▶ _TASK DIRECTIONS_:
Please restate each entry that appears below word for word, without its pictures.

▶ _DATA TO PROCESS_:
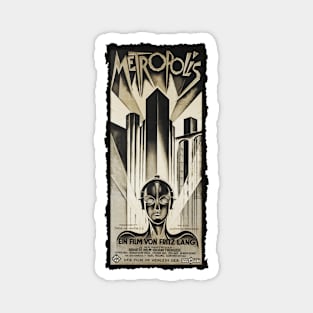 Metropolis poster Magnet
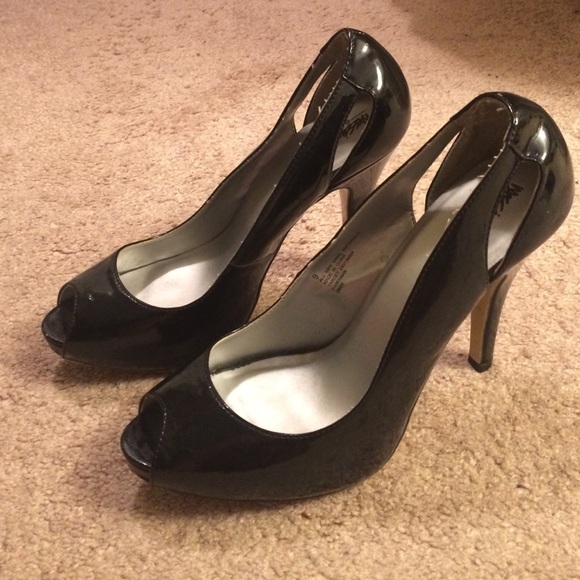 Black Peep Toe Pumps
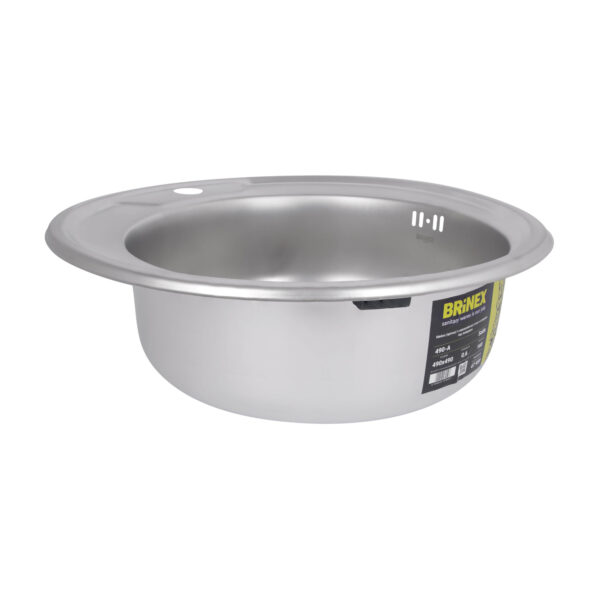 Кухонна мийка Brinex 490-A 0,6 мм Satin (BRIN490SAT06) Кухонна мийка Brinex 490-A 0,6 мм Satin (BRIN490SAT06)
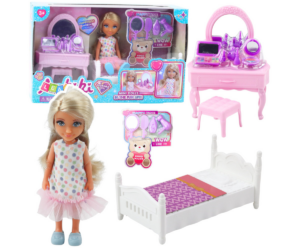 Anlily nuku voodi koos voodipesuga – hoolitsev ja loov rollimäng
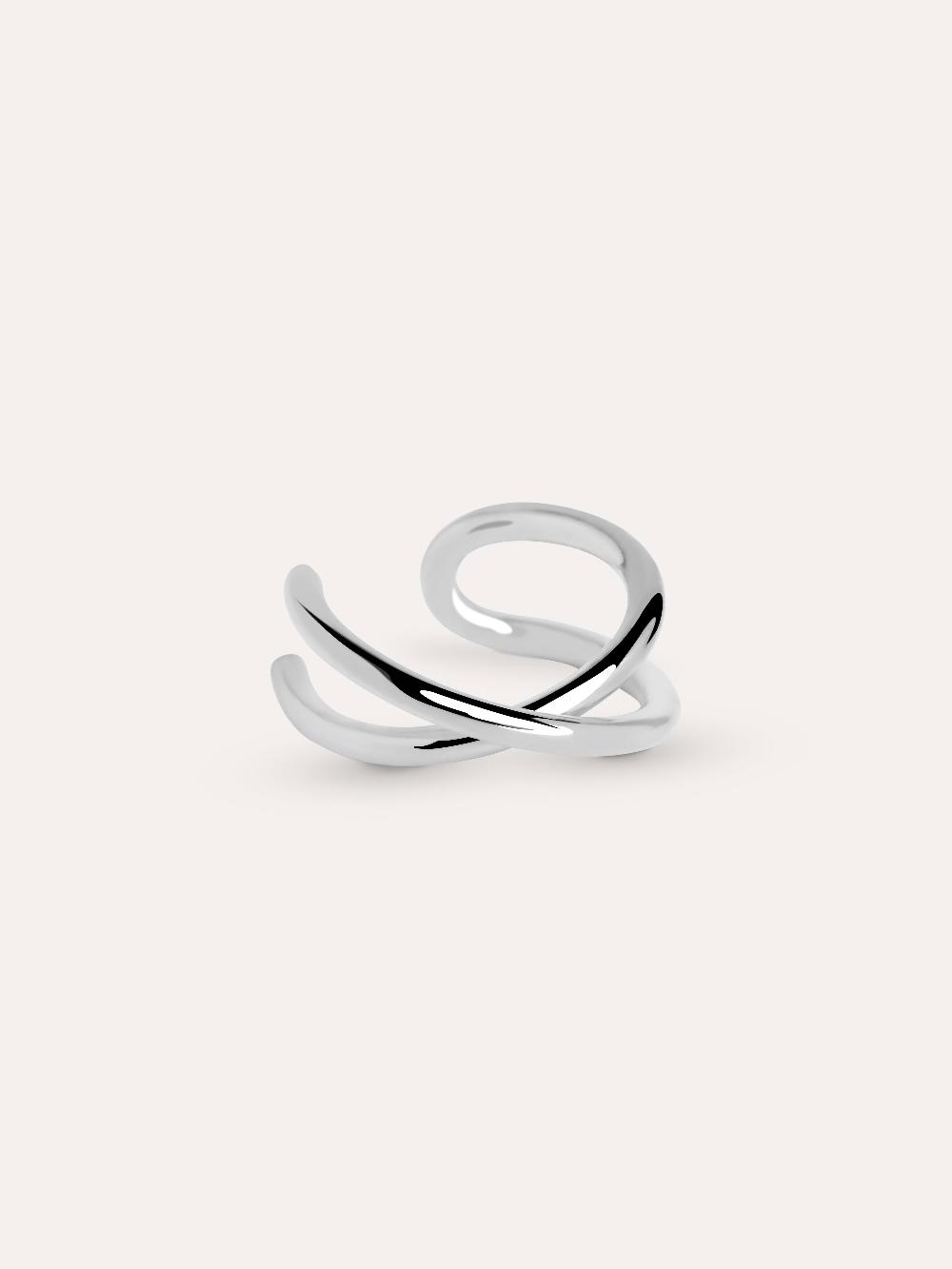 singularu Pendiente Suelto Ear Cuff Cross Plata Grandes descuentos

▶ _RESULT FOR THIS EXERCISE_:
 Metropolis poster Magnet
 Black Peep Toe Pumps
 Кухонна мийка Brinex 490-A 0,6 мм Satin (BRIN490SAT06) Кухонна мийка Brinex 490-A 0,6 мм Satin (BRIN490SAT06)
 Anlily nuku voodi koos voodipesuga – hoolitsev ja loov rollimäng
 singularu Pendiente Suelto Ear Cuff Cross Plata Grandes descuentos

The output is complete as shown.